## About this exercise
Starting at the line that holds "SQL Server Pivot" and stopping at the line that holds "Camiseta Esfaqueando queimando", restate the records below word for word, with both of those lines included.

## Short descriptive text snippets
[Start of section]
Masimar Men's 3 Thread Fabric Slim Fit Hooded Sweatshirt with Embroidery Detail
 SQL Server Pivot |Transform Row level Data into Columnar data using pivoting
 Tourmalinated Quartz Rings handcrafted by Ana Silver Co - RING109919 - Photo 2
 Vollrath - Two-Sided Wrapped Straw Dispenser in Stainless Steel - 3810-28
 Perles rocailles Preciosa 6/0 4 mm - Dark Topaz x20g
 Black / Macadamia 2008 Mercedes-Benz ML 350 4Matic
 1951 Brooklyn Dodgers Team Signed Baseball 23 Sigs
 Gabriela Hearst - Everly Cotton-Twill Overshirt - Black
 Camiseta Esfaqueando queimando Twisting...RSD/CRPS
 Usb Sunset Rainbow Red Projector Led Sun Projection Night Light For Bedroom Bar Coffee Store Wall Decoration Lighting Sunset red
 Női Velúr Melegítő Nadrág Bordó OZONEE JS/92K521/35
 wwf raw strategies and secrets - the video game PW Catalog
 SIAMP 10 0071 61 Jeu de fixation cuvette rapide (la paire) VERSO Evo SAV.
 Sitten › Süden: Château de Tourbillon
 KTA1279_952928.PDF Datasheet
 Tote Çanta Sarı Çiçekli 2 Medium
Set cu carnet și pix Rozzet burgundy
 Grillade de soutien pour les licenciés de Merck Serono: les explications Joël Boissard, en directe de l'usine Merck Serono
[End of section]
## Result
 SQL Server Pivot |Transform Row level Data into Columnar data using pivoting
 Tourmalinated Quartz Rings handcrafted by Ana Silver Co - RING109919 - Photo 2
 Vollrath - Two-Sided Wrapped Straw Dispenser in Stainless Steel - 3810-28
 Perles rocailles Preciosa 6/0 4 mm - Dark Topaz x20g
 Black / Macadamia 2008 Mercedes-Benz ML 350 4Matic
 1951 Brooklyn Dodgers Team Signed Baseball 23 Sigs
 Gabriela Hearst - Everly Cotton-Twill Overshirt - Black
 Camiseta Esfaqueando queimando Twisting...RSD/CRPS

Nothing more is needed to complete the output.